**DATASET EXTRACT:**
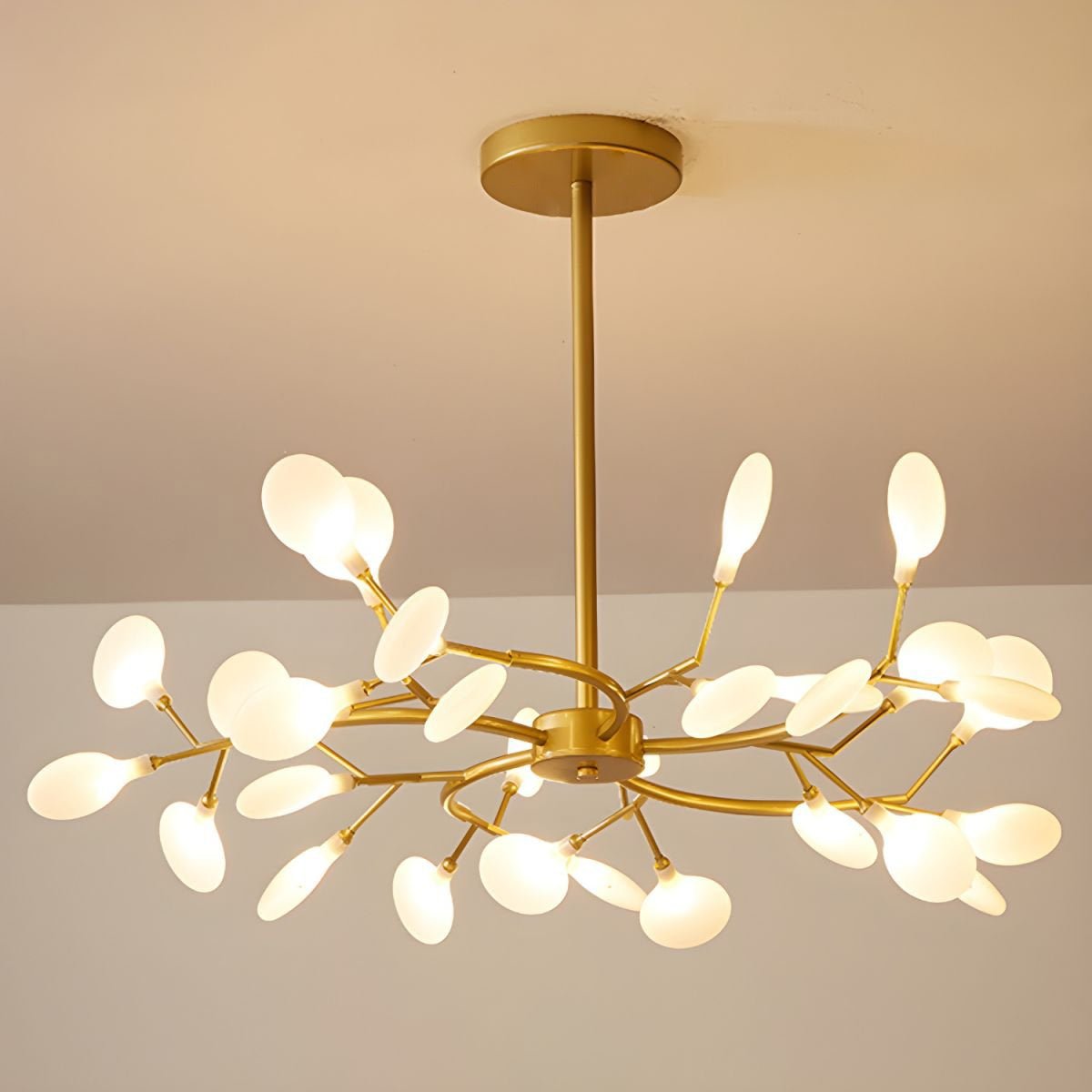Mid-Century Modern LED Chandelier – Firefly Sputnik Hanging Light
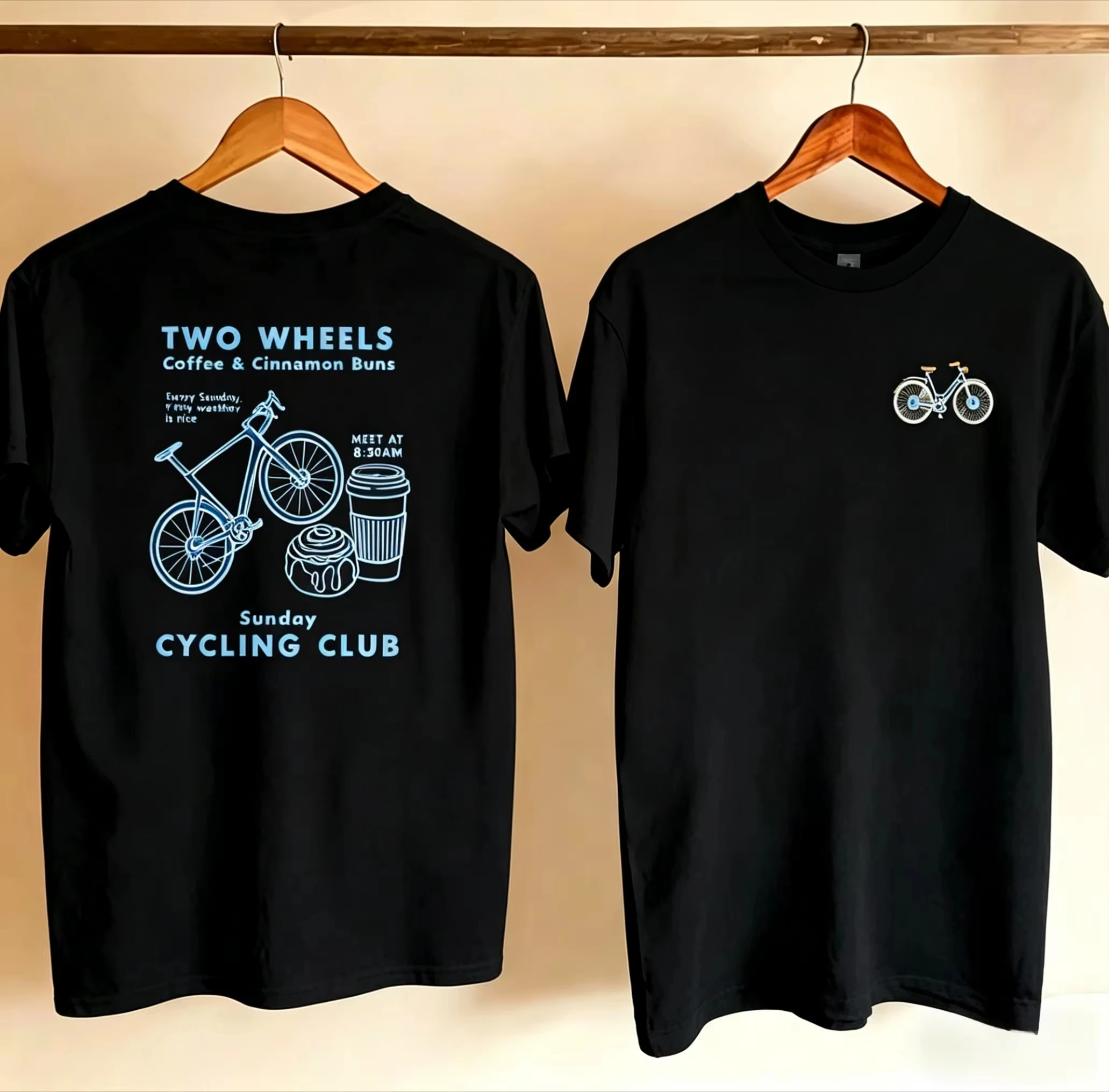 2026 New Cotton Summer Sunday Cycling Club Road Bike Graphic T-Shirt Oversized T Shirt Graphic T Shirts High Quality Cotton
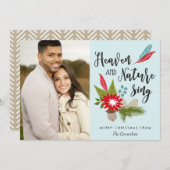 Rustic Heaven and Nature Sing | Modern Photo (Front/Back)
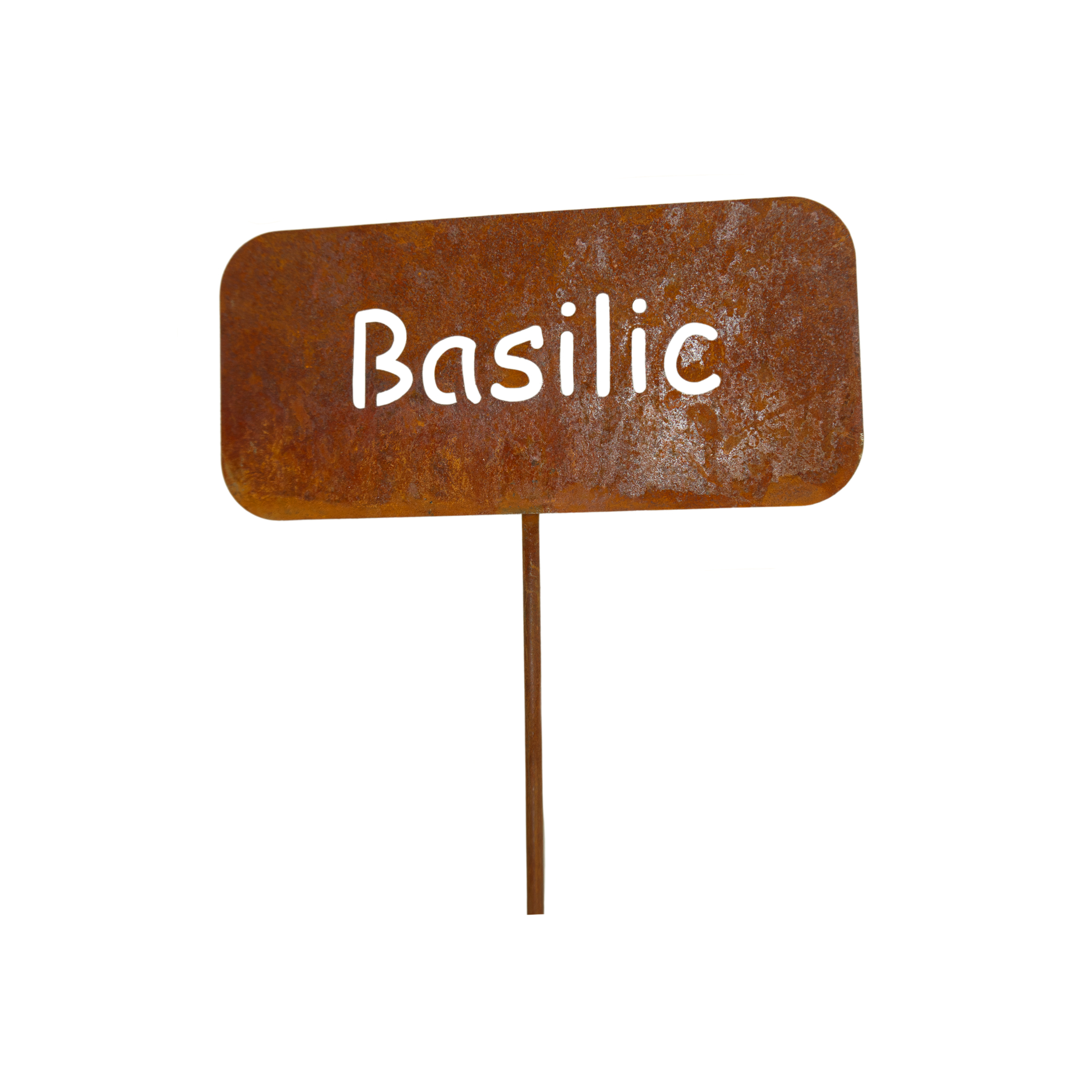 Darstellung von Gewürzstecker eckig auf Stab Basilic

**THE PROBLEM:**
The expected output is the full material above, unaltered, with pictures removed.

**ANSWER:**
Mid-Century Modern LED Chandelier – Firefly Sputnik Hanging Light
 2026 New Cotton Summer Sunday Cycling Club Road Bike Graphic T-Shirt Oversized T Shirt Graphic T Shirts High Quality Cotton
 Rustic Heaven and Nature Sing | Modern Photo (Front/Back)
 Darstellung von Gewürzstecker eckig auf Stab Basilic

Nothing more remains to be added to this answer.